The flight from Anchorage was headed for Dutch Harbor/Unalaska and stopped in King Salmon for fuel before taking off again.
The Saab 2000 experienced engine trouble so pilots “shut it down," according to Allen Kenitzer, a spokesman for the Federal Aviation Administration.
The flight landed without incident, a spokeswoman for Ravn Air Group said. Ravn operates PenAir after purchasing its assets in December.
A mechanic flew to King Salmon to work on the grounded plane while another aircraft was dispatched to King Salmon to fly the 32 passengers and three crew back to Anchorage where they were provided with accommodations, according to a Ravn statement.
Passenger Mike McDonald felt what he called a “little soft jolt” as the right-side engine cut out about an hour after leaving King Salmon. McDonald was headed to work as an electric administrator for Westward Seafood. He described many of his fellow passengers as workers traveling from the Lower 48 to seafood industry jobs.

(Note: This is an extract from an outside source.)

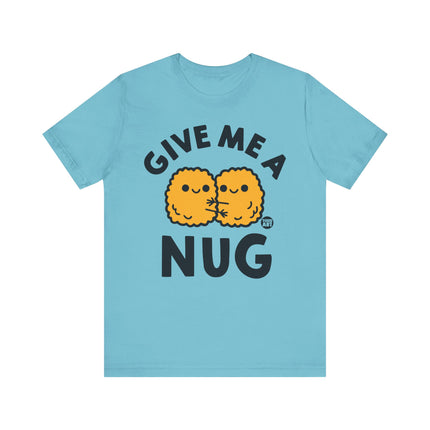 Give Me A Nug Chicken Nugget Tshirt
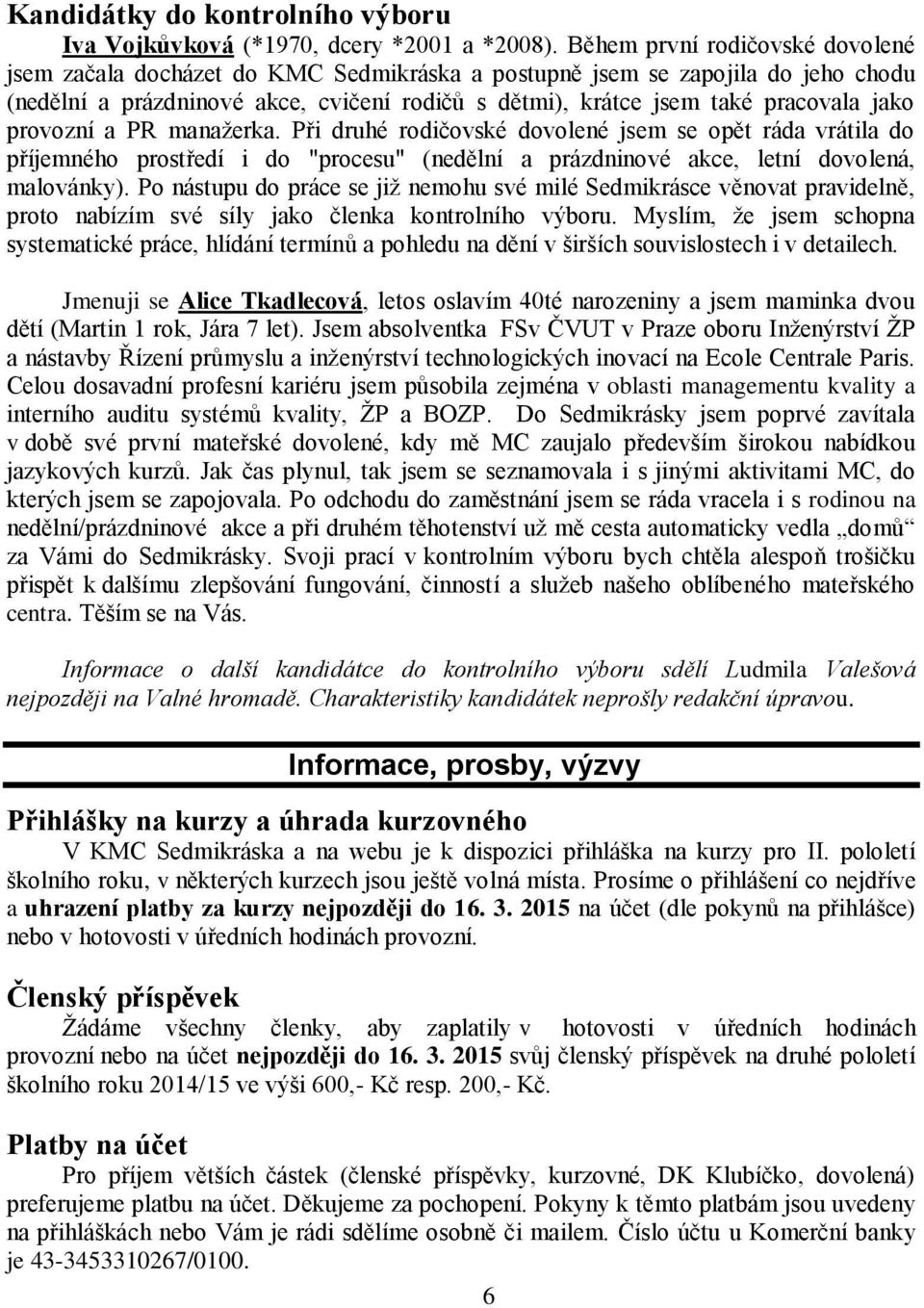 provozní a PR manažerka. Při druhé rodičovské dovolené jsem se opět ráda vrátila do příjemného prostředí i do "procesu" (nedělní a prázdninové akce, letní dovolená, malovánky).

A flight attendant came over the intercom and told them what was happening, McDonald said. Everyone stayed calm as the plane made what he called “a gentle 180” and made for King Salmon.
McDonald, from his seat toward the front of the plane, could see the now-motionless propeller from his window, he said. “When you’ve got an hour to sit there and think about this stuff, if you let your imagination run away with itself it kinda bugs you."
The plane didn’t lose altitude initially when the engine quit and came down smoothly, he said. “We landed OK.”
McDonald planned to board a flight back to Dutch Harbor on Friday afternoon.